Passages, Myriam Dropsy et Ahmed Djihoud

 

Si c’est tout en minuscule qu’elle signe ses films, c’est une majuscule que Nathalie de Calbiac offre à tout ce sur quoi et tous ceux sur qui elle pose son regard.
 Elle habite toutes les choses nouvelles, y entre, y rentre. Elle s’y love comme dans un ventre pour une rencontre avec l’humain, avec soif et avidité, quelque chose de l’ordre de l’aspiration.
 De son regard naissent des images qu’elle nous livre sans marquer ni le début ni la fin, des images qui semblent dire les instants d’une vie, instants remémorés, répétés ou repris, fragments d’une histoire qu’elle ne nous conte pas.
 Ses films sont comme les traces laissées par les rêves, leurs déplacements, leurs condensations, sensations évaporées.
 Elle nous dit : « Je cherche la sensation de partager le monde », ce monde est celui dont elle veut faire partie, celui où elle tente de trouver une place, d’y vérifier sa présence.
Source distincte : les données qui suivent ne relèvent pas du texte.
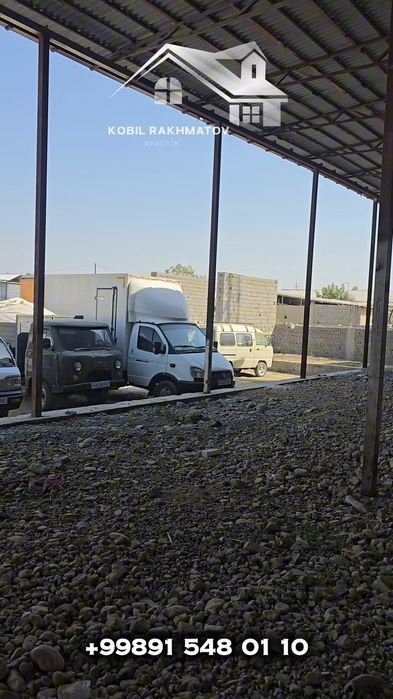 Срочно Бозор ёнида 33-сотокли Жой Давлатобод Ленин бозор ёнгинасида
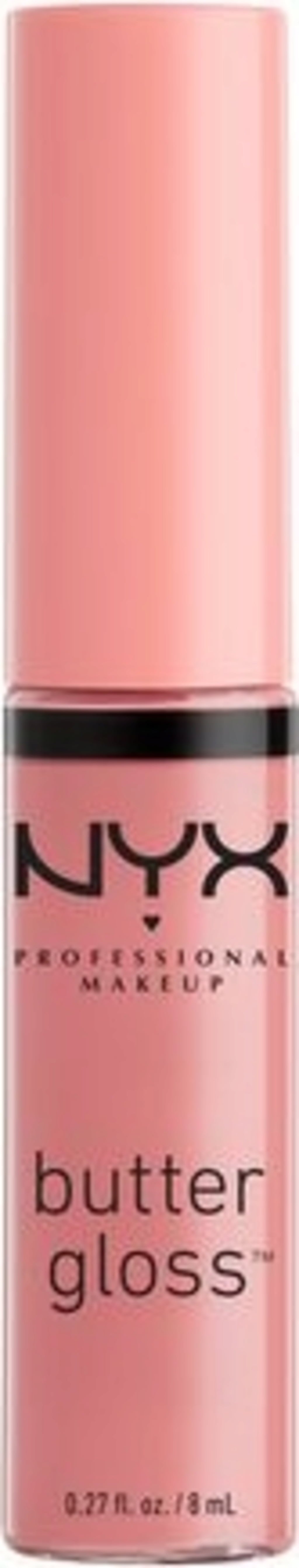 NYX Professional Makeup Butter Gloss - 5 - Creme Brulee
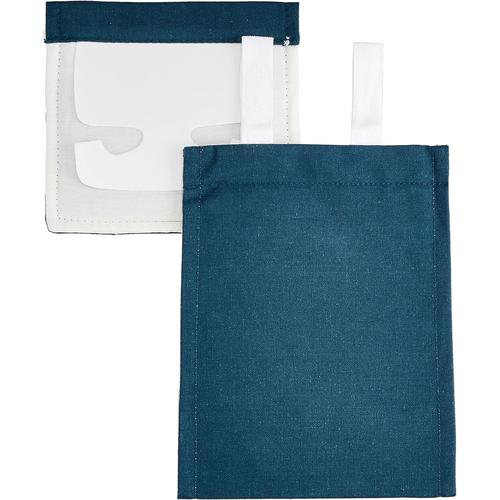 ペーパーホルダーカバー ナチュラル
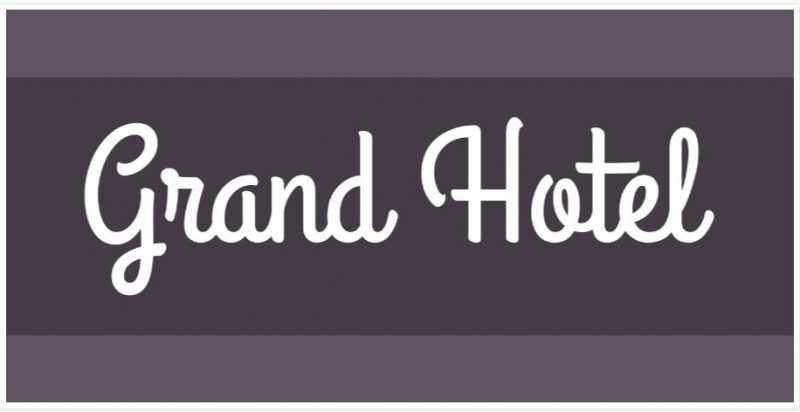 Grand Hotel Fuente
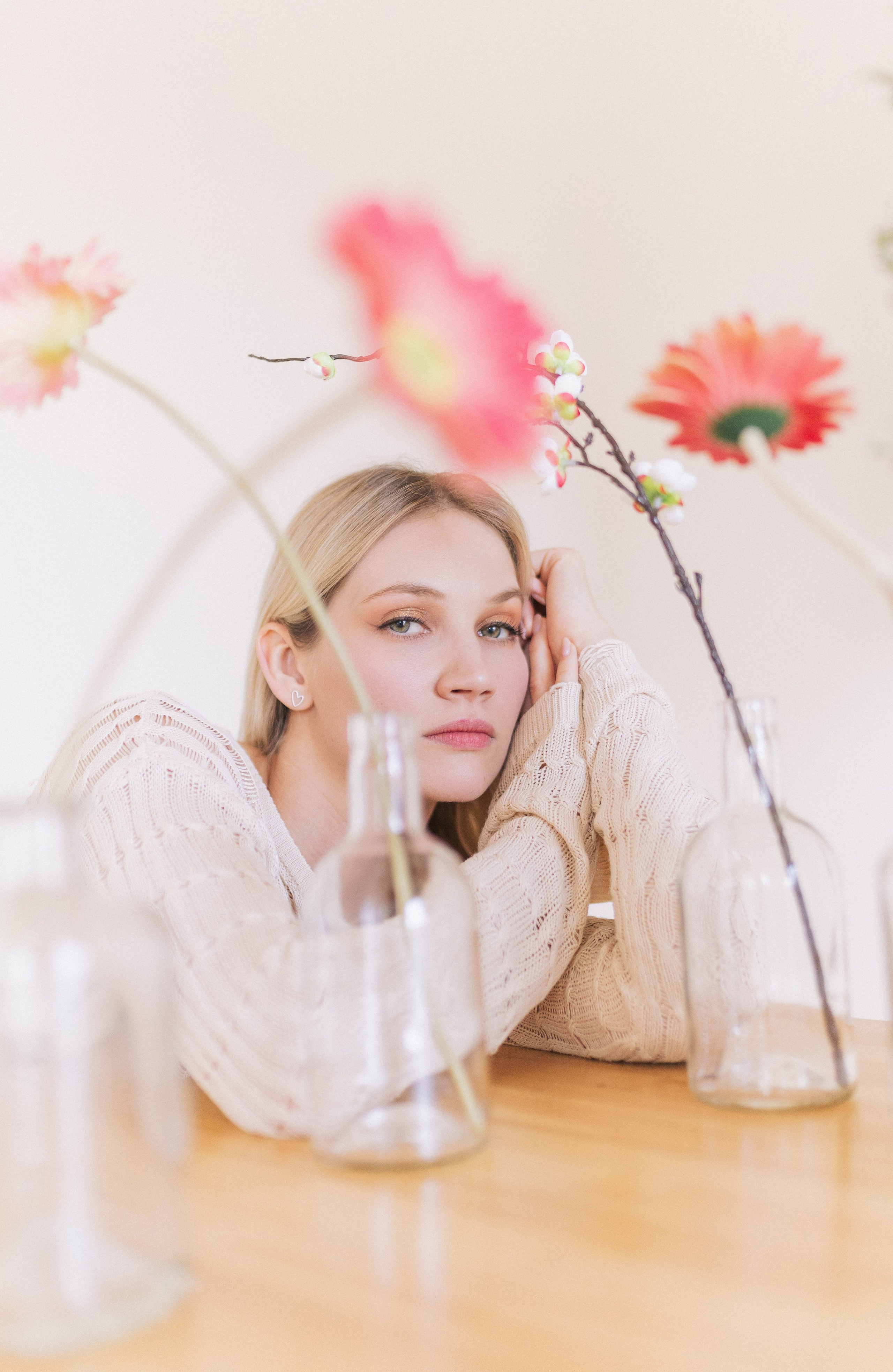 Фотограф Анна Почи / Москва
 C’est au travers de ses créations tant filmographiques que photographiques et des échanges aux autres que l’artiste peut obtenir, aménager, habiter ces passages auxquels elle nous invite.
 Après un temps passé aux images viendra le temps d’une réflexion, d’une traversée, d’une rencontre avec l’auteur. Avec elle, nous aurons la délicate sensation de « partager le monde ».